[Start of Attachment]

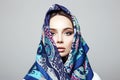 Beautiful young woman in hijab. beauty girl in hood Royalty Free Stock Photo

[End of Attachment]
[Start of Attachment]

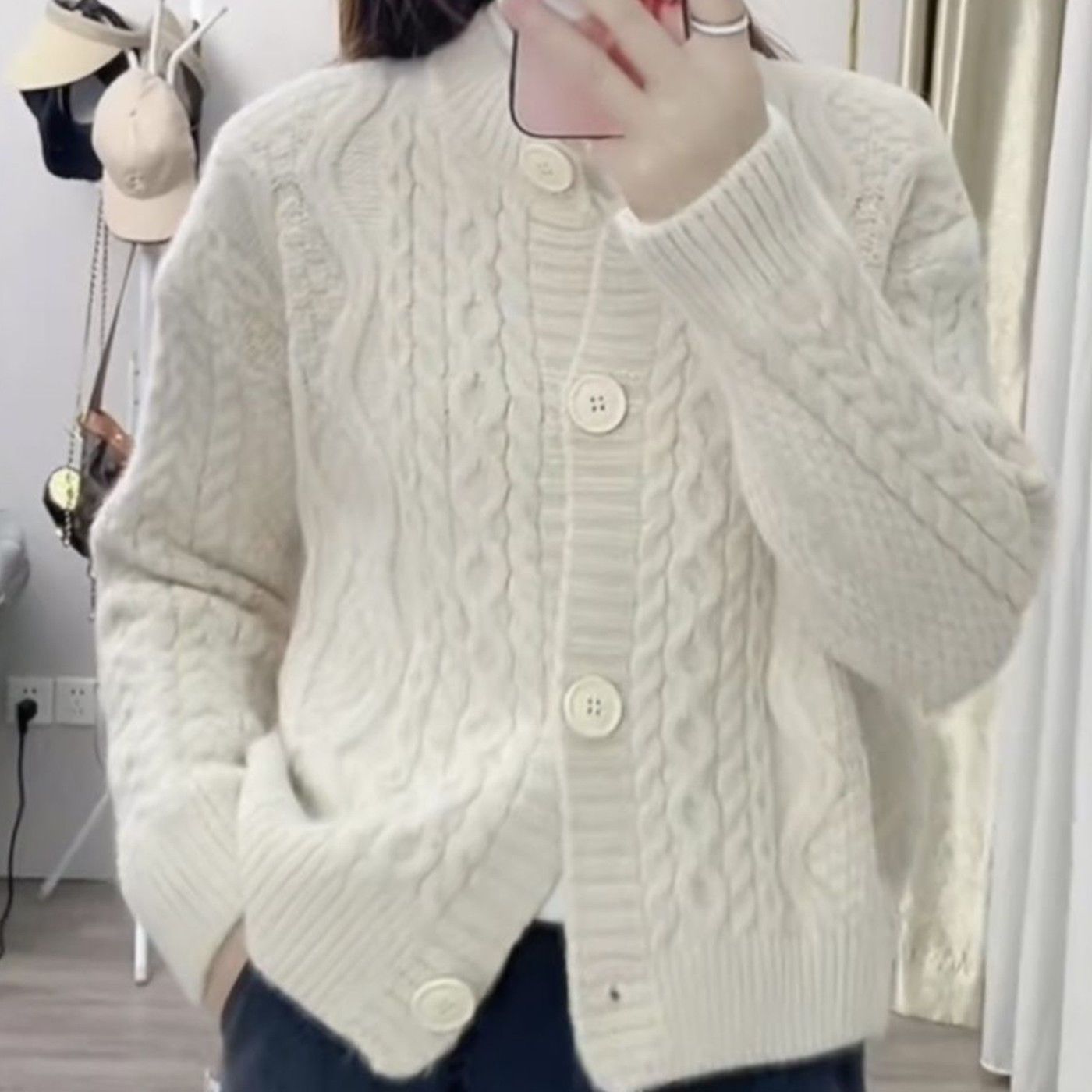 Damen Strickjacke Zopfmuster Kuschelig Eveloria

[End of Attachment]
[Start of Attachment]

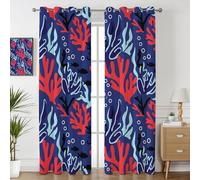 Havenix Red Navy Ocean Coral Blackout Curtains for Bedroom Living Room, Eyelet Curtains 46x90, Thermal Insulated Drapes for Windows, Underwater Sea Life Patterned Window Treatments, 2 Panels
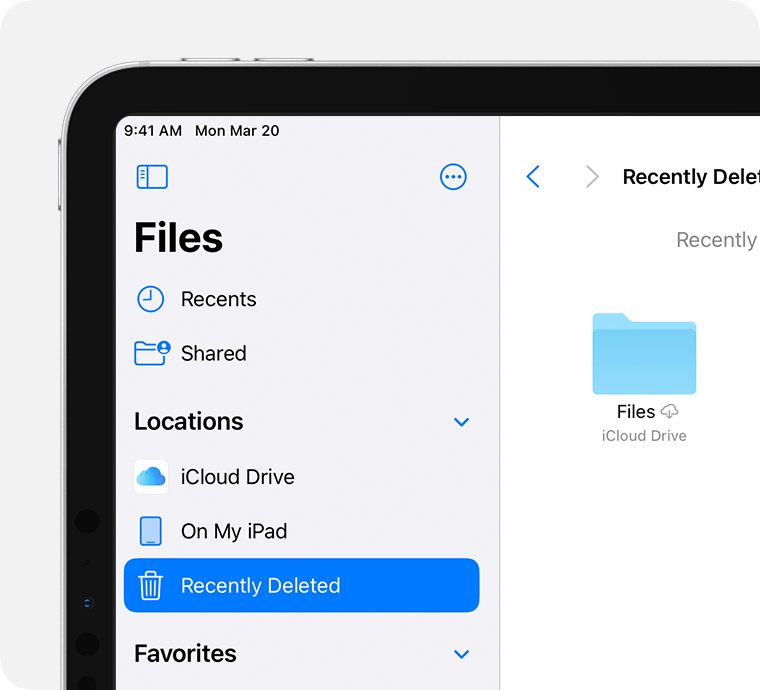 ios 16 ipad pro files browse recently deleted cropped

[End of Attachment]

Work required: Reproduce the lines above starting at the one with "Havenix Red Navy" and ending at the one with "ios 16 ipad", both included, exactly and with no pictures.

Reply to the exercise:
 Havenix Red Navy Ocean Coral Blackout Curtains for Bedroom Living Room, Eyelet Curtains 46x90, Thermal Insulated Drapes for Windows, Underwater Sea Life Patterned Window Treatments, 2 Panels
 ios 16 ipad pro files browse recently deleted cropped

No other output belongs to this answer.